> **WHAT YOU WILL DO**
Exclude the pictures, then repeat the remaining data exactly.

> **DATA PROVIDED**
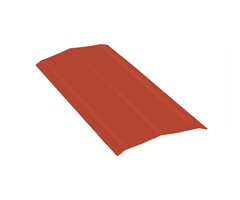 EASY-Pan Dakbedekking - EASY-Pan nok rood 90 cm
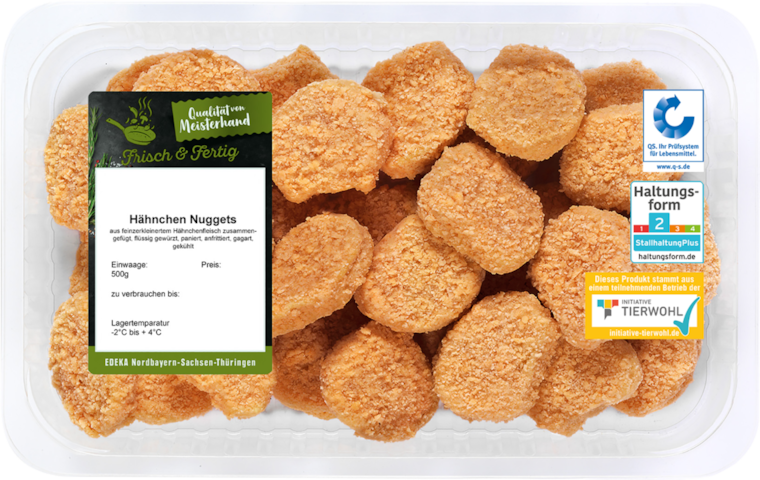 Hähnchen-Nuggets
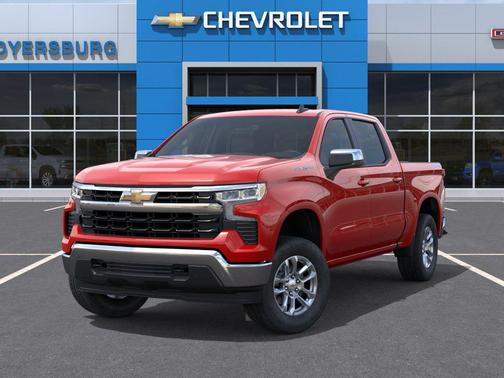Red Hot 2026 Chevrolet Silverado 1500 LT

> **FINISHED TASK**
 EASY-Pan Dakbedekking - EASY-Pan nok rood 90 cm
 Hähnchen-Nuggets
Red Hot 2026 Chevrolet Silverado 1500 LT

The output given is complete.